» **The task**
Aim for an exact copy of the listing, without any images.
(Provided data begins)
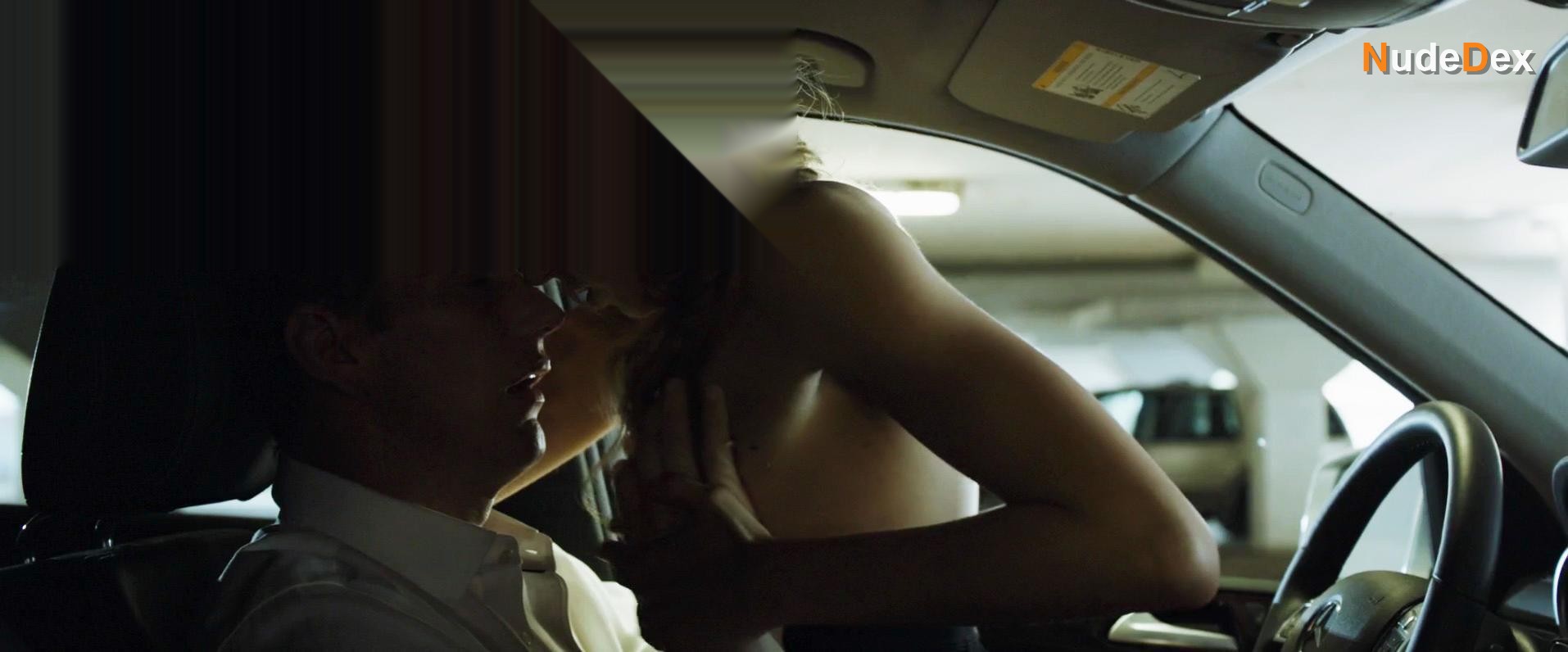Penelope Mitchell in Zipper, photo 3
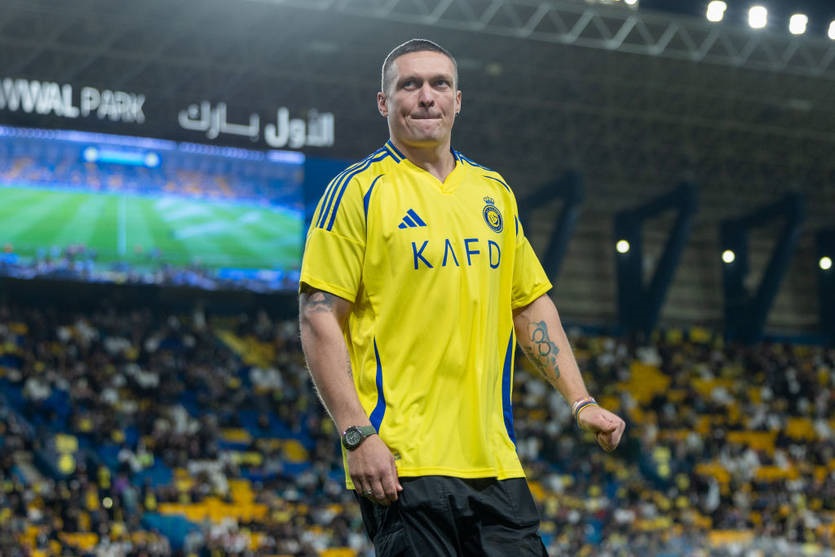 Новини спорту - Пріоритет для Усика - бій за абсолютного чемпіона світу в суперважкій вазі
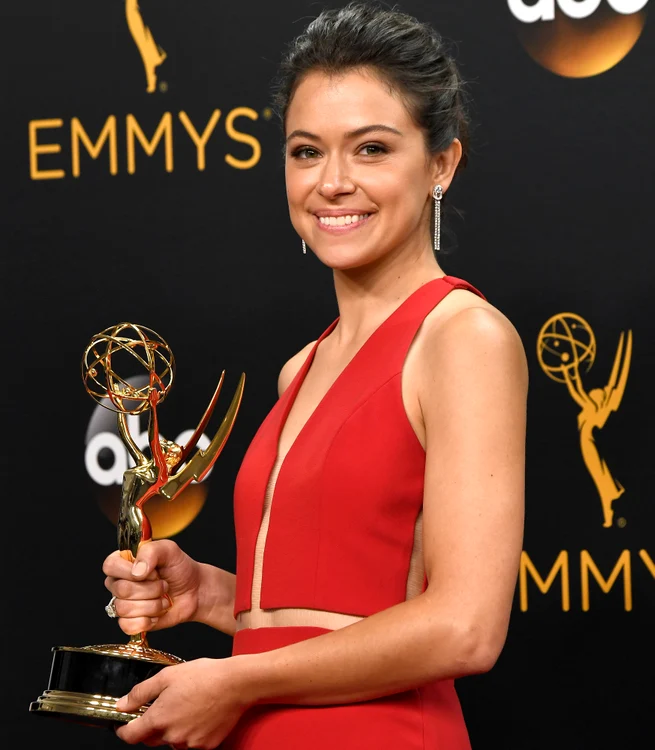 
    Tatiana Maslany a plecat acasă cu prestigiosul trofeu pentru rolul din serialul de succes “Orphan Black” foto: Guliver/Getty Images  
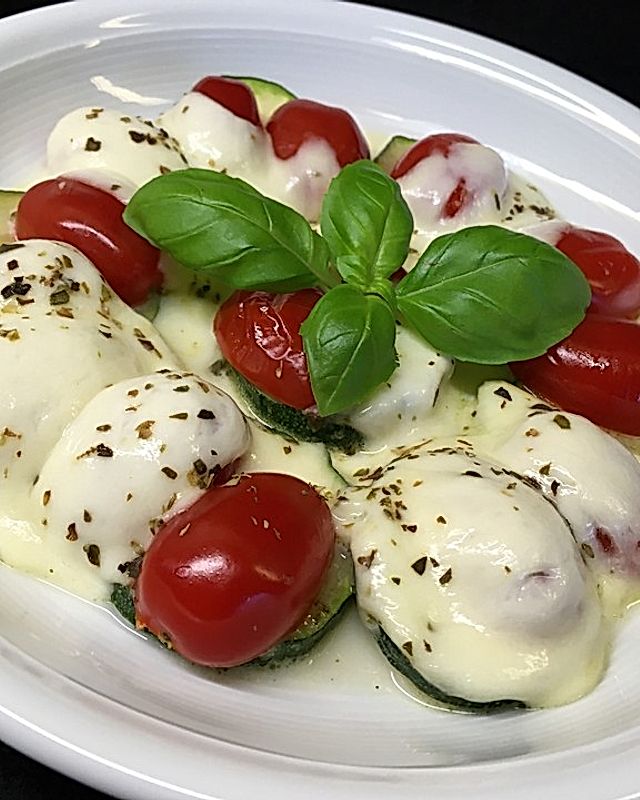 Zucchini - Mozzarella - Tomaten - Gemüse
(Provided data ends)
» **Solution below**
Penelope Mitchell in Zipper, photo 3
 Новини спорту - Пріоритет для Усика - бій за абсолютного чемпіона світу в суперважкій вазі
    Tatiana Maslany a plecat acasă cu prestigiosul trofeu pentru rolul din serialul de succes “Orphan Black” foto: Guliver/Getty Images  
 Zucchini - Mozzarella - Tomaten - Gemüse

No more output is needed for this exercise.